* _RECORDS TO USE_
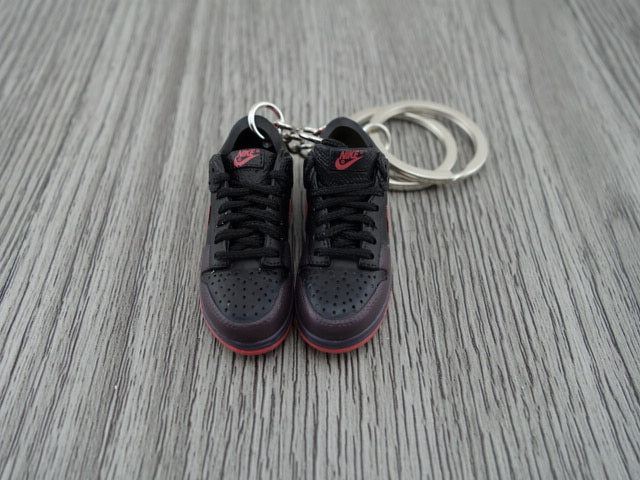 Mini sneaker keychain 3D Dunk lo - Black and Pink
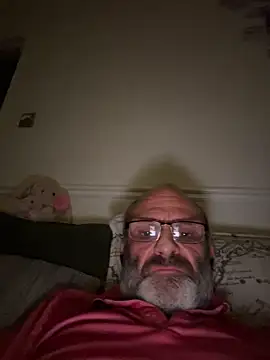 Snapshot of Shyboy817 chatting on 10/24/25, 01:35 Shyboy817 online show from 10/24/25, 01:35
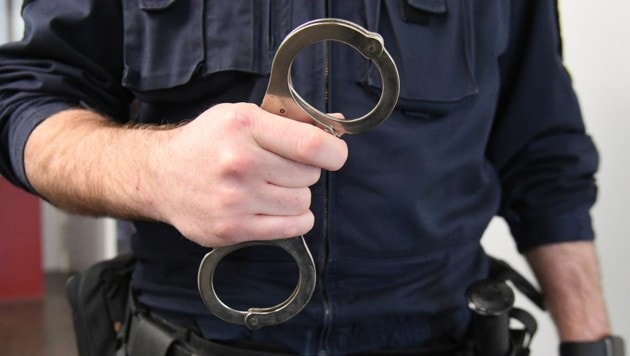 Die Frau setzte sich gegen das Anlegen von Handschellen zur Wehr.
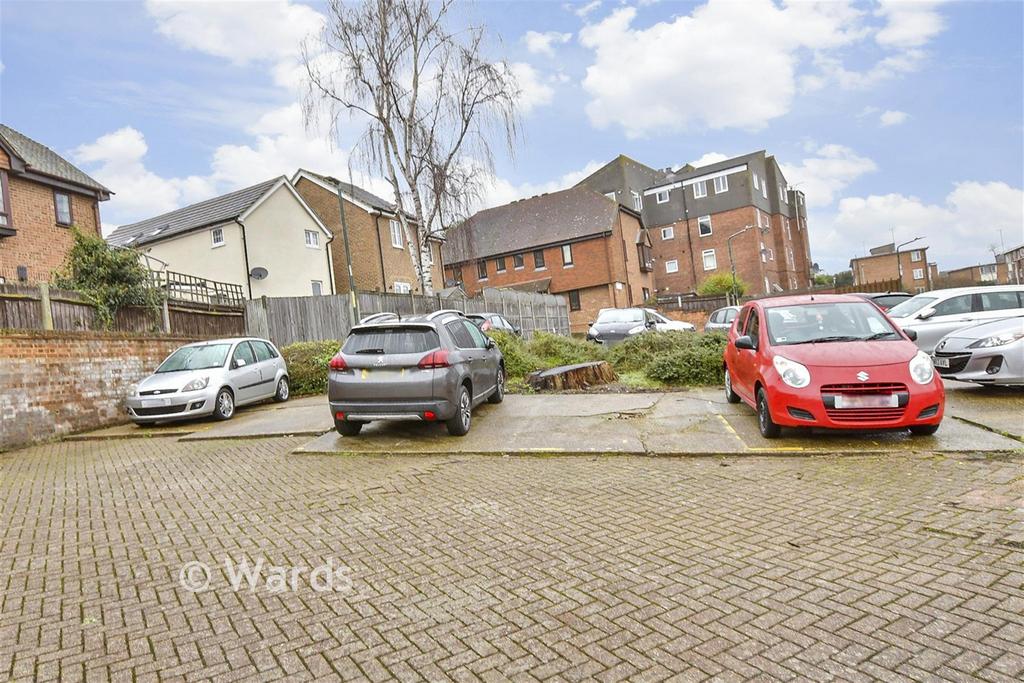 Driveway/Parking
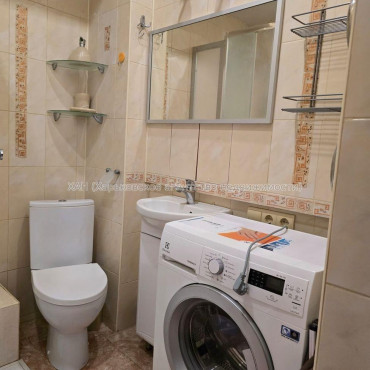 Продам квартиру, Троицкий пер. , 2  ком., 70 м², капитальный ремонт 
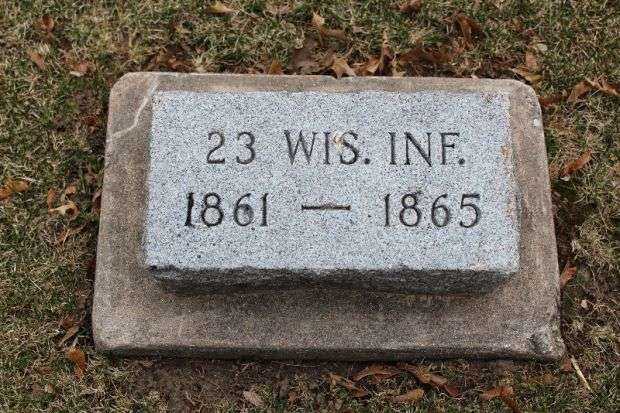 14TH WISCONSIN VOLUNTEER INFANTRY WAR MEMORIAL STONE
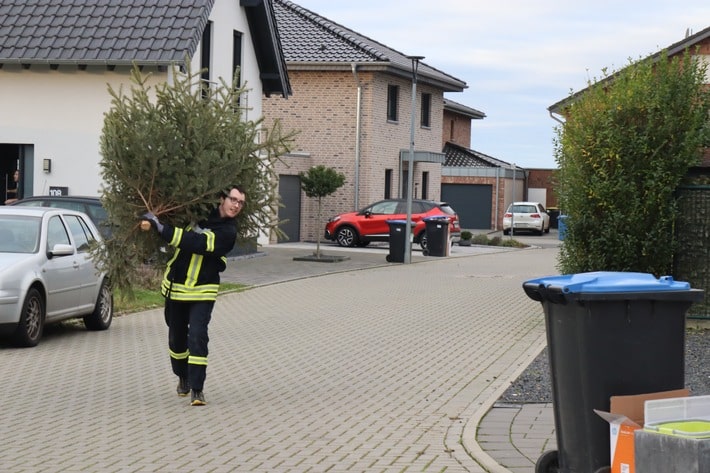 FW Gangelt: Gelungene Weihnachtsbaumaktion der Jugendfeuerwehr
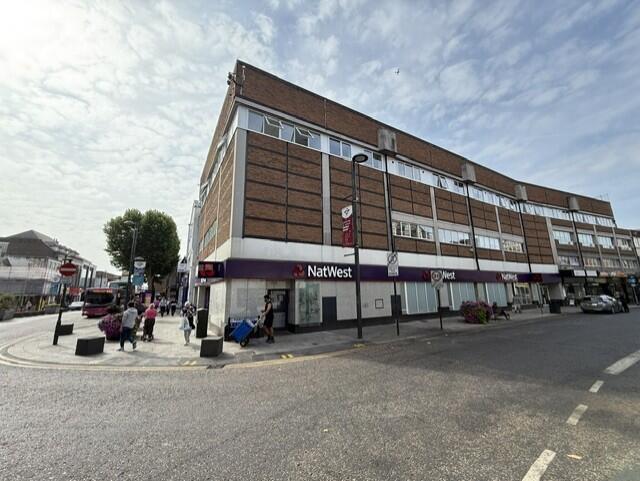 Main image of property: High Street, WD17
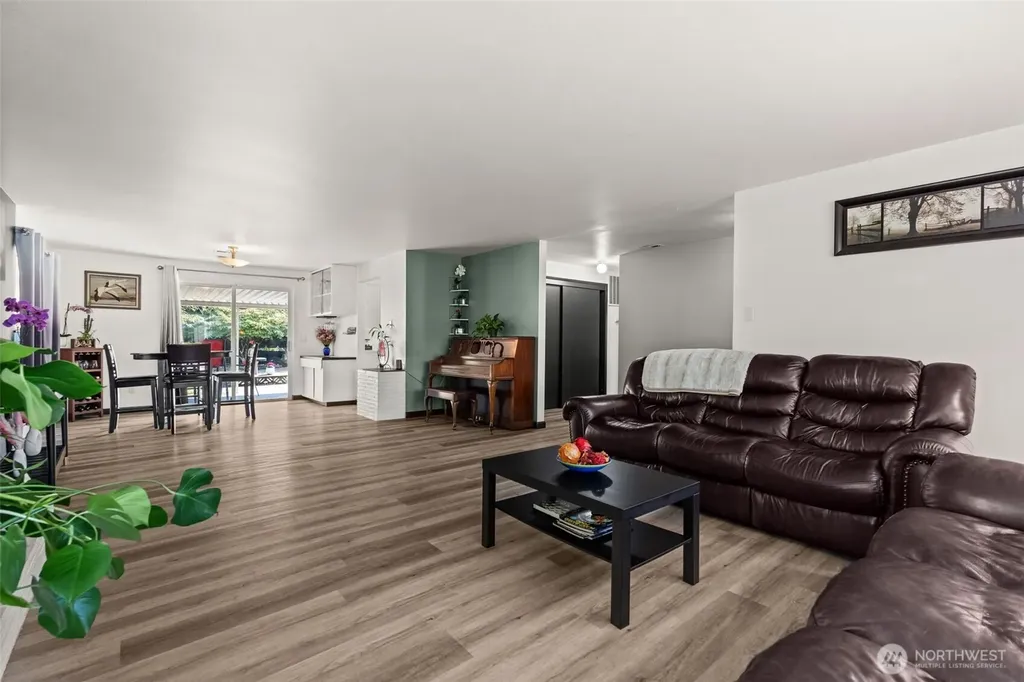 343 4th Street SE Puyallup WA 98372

* _PROBLEM TO WORK ON_
Given the listing above, return exactly, and only, the lines from the line with "Driveway/Parking" through its final line, both included, with the pictures removed.

* _SOLUTION TO THIS EXERCISE_
 Driveway/Parking
 Продам квартиру, Троицкий пер. , 2  ком., 70 м², капитальный ремонт 
 14TH WISCONSIN VOLUNTEER INFANTRY WAR MEMORIAL STONE
 FW Gangelt: Gelungene Weihnachtsbaumaktion der Jugendfeuerwehr
 Main image of property: High Street, WD17
 343 4th Street SE Puyallup WA 98372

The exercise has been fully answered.